# Secret Santa 2015



## goathiker (Apr 14, 2011)

It's that time of year again! Secret Santa! I will be taking entries this year for those interested in participating. The more entries we get the more fun it will be! Let's make it fun without hassling poor Goathiker too much, please. If anyone just absolutely can not do an international gift please note that in your e-mail to me to help avoid later hassles. 
My father is in very fragile health this year, if something happens another mod will be taking over for me.

There is a questionnaire below for everyone who would like to participate to fill out and enter. Please copy it and paste to an email or PM me on the forum. My email is [email protected] Please put "Secret Santa 15" in the subject line so it doesn't accidentally get deleted. I will reply and let you know when I received your entry. If you do not hear back from me within a few days, please resend to make sure I got it.

Once entries are closed, I will PM every participant with your secret Santa buddy. Your gift can be purchased or homemade, but shouldn't cost more than $20, including shipping. Try not to go over that.

The deadline to enter is December 13th. I will PM everyone the person they are "Secret Santa" to on December 15th and gifts need to be sent out by December 22nd. We want gifts to arrive prior to Christmas.

Remember to keep your SS buddy a secret! If you want to let your buddy know who their gift was from, it is ok to sign a card or your name but only do so with the gift...and only if you want. I will reveal all the secret Santa's after everyone has received their gift.

Secret Santa Questionnaire

User Name:

Real Name:

Address:

Gender:

Favorite Color(s):

Hobbies:

Pets:

Likes:

Dislikes:

Other info you think would be helpful:


----------



## DDFN (Jul 31, 2011)

Count me in! I will email you later this evening as I am about to head out to the barn. This is always a bunch of fun!


----------



## HappyCaliGoats (Mar 19, 2014)

Found it! Count me in! I will email you after I get everyone fed and get some dinner! Thanx for putting this on again Jill!


----------



## toth boer goats (Jul 20, 2008)

Time is running out, if you want to get into "Secret Santa" do so by Dec 13, 2015~!!

Merry Christmas all.  :snow::snowbounce::snowlaugh::snowcool::snowcheese::cow:


----------



## HappyCaliGoats (Mar 19, 2014)

Jill, I didn't get a confirmation email. Did you get mine? I hope so!

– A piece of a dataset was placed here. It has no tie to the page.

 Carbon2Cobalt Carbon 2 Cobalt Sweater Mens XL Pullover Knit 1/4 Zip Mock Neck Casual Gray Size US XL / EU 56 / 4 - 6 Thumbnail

I can't wait to see who my SS is this year!


----------



## dreamacresfarm2 (May 10, 2014)

will send email in AM -


----------



## goathiker (Apr 14, 2011)

Last couple of days to enter... I will accept e-mails thru the 15th so more can find us.


----------



## J.O.Y. Farm (Jan 10, 2012)

Ok I did it! Lol!


----------



## HappyCaliGoats (Mar 19, 2014)

Yay!


----------



## J.O.Y. Farm (Jan 10, 2012)

Heheh!


----------



## nchen7 (Feb 25, 2013)

it's been SOO LONG since i've been on, however this post showed up on my FB, and I think I'll be in for the fun! loved doing this a few years ago.


----------



## MoonShadow (Mar 1, 2015)

I Hope you got my email, I never got a confirmation one back but I know your busy, I'll resend just in case I got in wrong!! I've never done Secret Santa before, I'm super exited!! :snowcheese:


----------



## HappyCaliGoats (Mar 19, 2014)

Yay! More friends!


----------



## thegoatmama (Mar 19, 2015)

This is so cool! I've never done this before, but I'm in!
Thanks for the extended deadline Jill :greengrin: email sent


----------



## goathiker (Apr 14, 2011)

Entries are coming in, don't worry, I'll send out confirmations tonight.


----------



## goathiker (Apr 14, 2011)

Last chance today


----------



## goathiker (Apr 14, 2011)

Entries closed SS buddies as soon as I can get them out.


----------



## goathiker (Apr 14, 2011)

Everyone should have a private message with their Santa Buddy. 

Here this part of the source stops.